= a set of techniques to answer research questions with quantiative data
typical procedure:
come up with a model, theory and hypothesis
develop or select concrete measurement instruments
collect data
analyse data (e.g. statistical modelling)
evaluate results
Variables and confounders
in the models and theories, we use constructs (those are general terms, like “business” or “IT alignment”)
variables are operationalized versions of constructs (so they have values and can be measured)
we have:
dependent variables (outcomes)
independent variables
confounders - a variable that is related to both the dependent and independent variable (at least partially)
why to notice them?
because if we don’t take them into account, we can think that there is a relationship between A and B (but there is a confounder C driving/influencing them both)
e.g. “IT investments” (independent) → “company performance”
the confounder is the company’s size (because different sizes of companies have different IT investments, different scenarios, and different performance drivers)
we can control them by using control variables
control variables
a) keeping the confounder constant in the study (e.g. study only companies of the same/similar size)
b) measure them and include them in the statistical model (e.g. add the company size as variable to the regression - this way I can isolate the effect of IT investment on company’s performance after accounting for the company size)
= testing the hypothesis over all possible values of the confounder
mediator variables
mediator variables “sit” in between independent variable and dependent variable (A influences the mediator and the mediator influence the B)
there are two types of mediation:
full mediation
e.g.

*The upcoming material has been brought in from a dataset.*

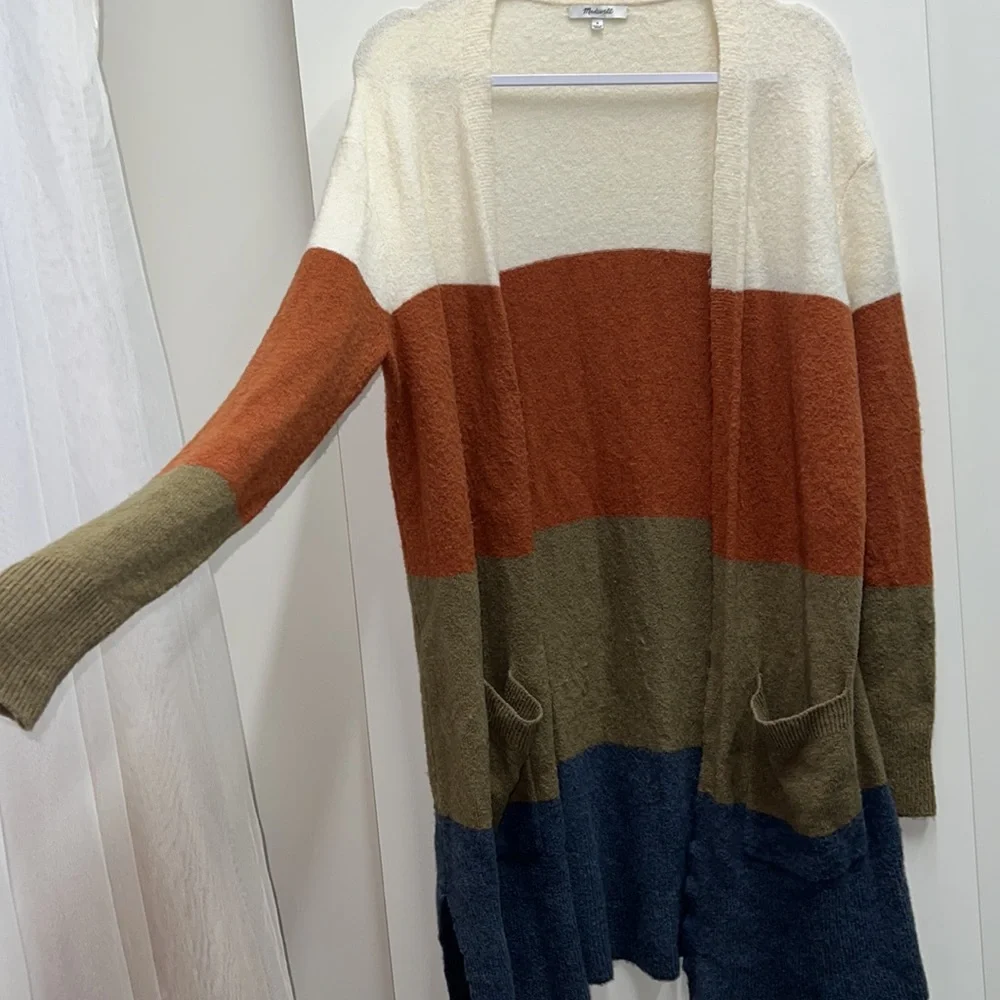 MADEWELL color block open cardigan sweater duster - Picture 7 of 16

IT governance → business/IT alignment → business value from IT
the relationship between IT governance and business value from IT drops to zero (“everything goes through the mediator”)
partial mediation
there are two types of relationship: direct and undirect (through the mediator)
so the mediator does not affect everything, but is partially involved
moderator variables
they act as catalyzators, the change the strength and increase/decrease the strength of the relationship between independent and dependent variables
e.g. the IT savvyiness of the board members increases the relationship strength between “board involvement in IT governance” and “business value from IT”
conditional process modelling = a combination of influences of mediators and moderators on the relationship between variables
variable types:
categorical variables (nominal, ordinal)
binary vs. polytomous (more than two categories)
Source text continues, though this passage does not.